**Task to complete**
Without the pictures, write the listing out again exactly as it appears.

**Exercise data**
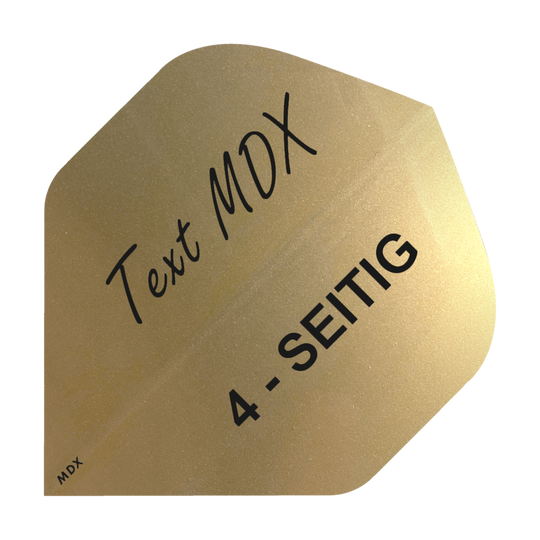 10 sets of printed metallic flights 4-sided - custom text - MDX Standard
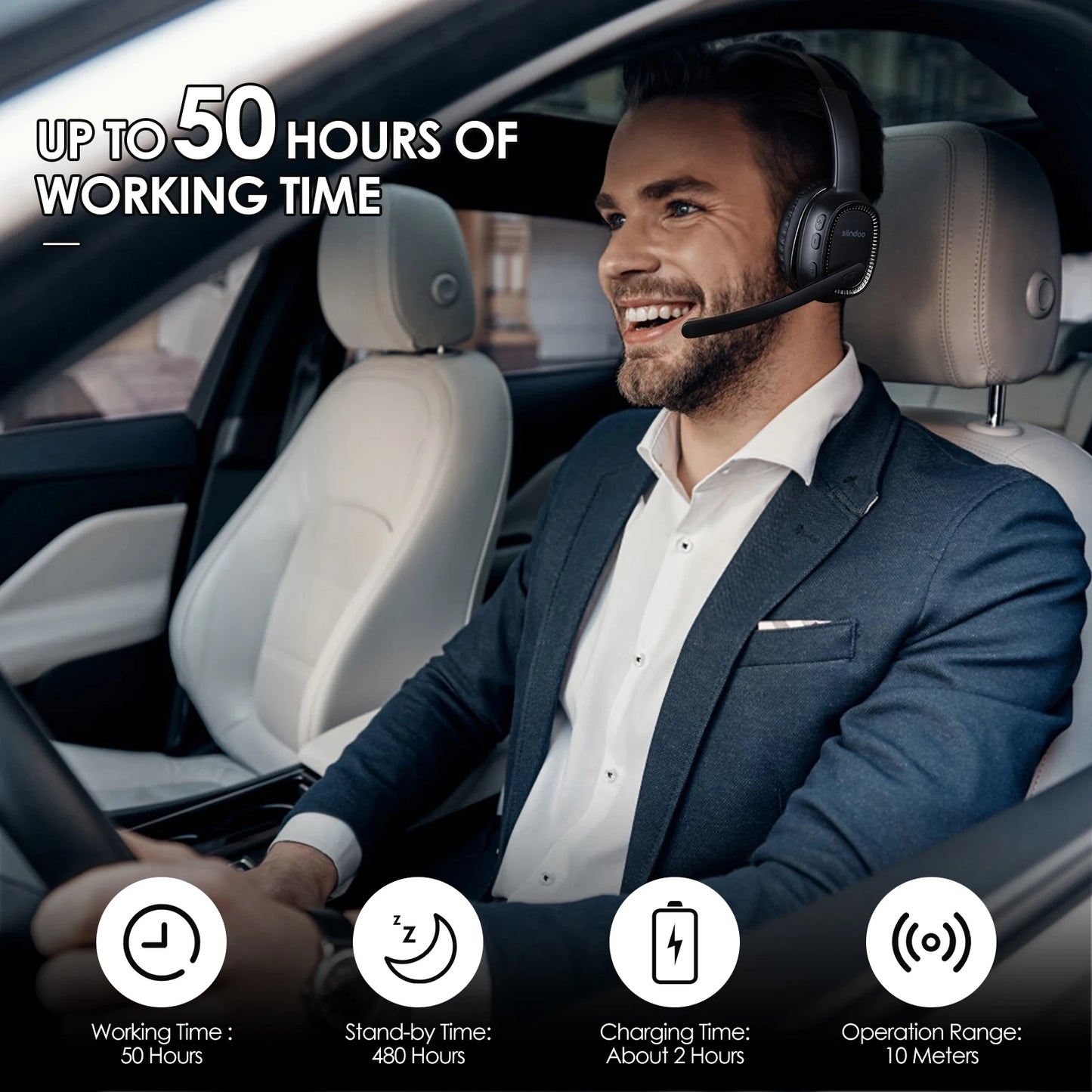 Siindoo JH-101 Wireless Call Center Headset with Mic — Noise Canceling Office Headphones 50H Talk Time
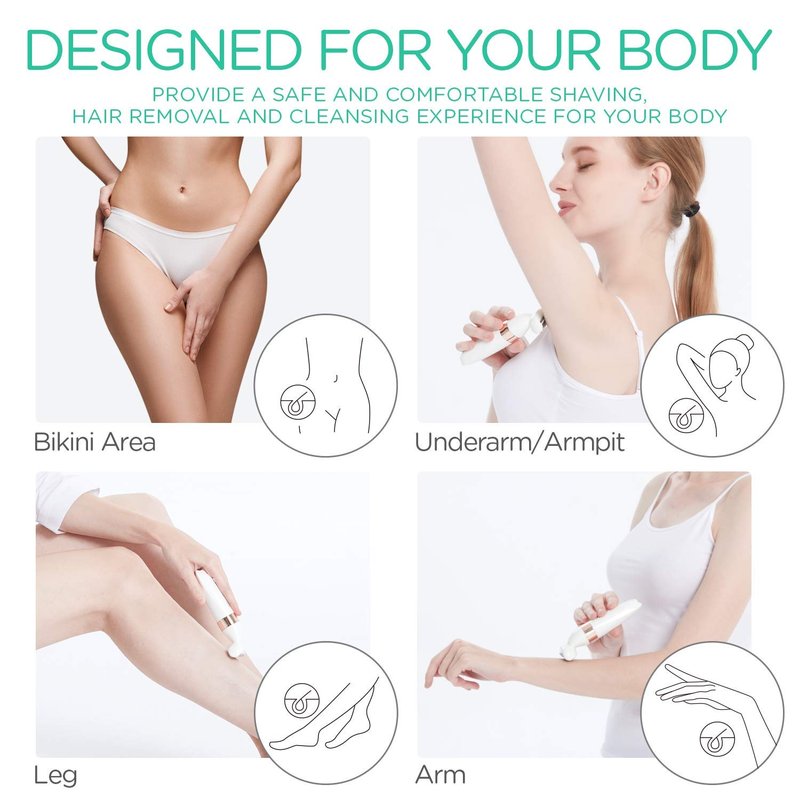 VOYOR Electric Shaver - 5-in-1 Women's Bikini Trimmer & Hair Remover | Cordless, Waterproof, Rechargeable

**Exercise response**
 10 sets of printed metallic flights 4-sided - custom text - MDX Standard
 Siindoo JH-101 Wireless Call Center Headset with Mic — Noise Canceling Office Headphones 50H Talk Time
 VOYOR Electric Shaver - 5-in-1 Women's Bikini Trimmer & Hair Remover | Cordless, Waterproof, Rechargeable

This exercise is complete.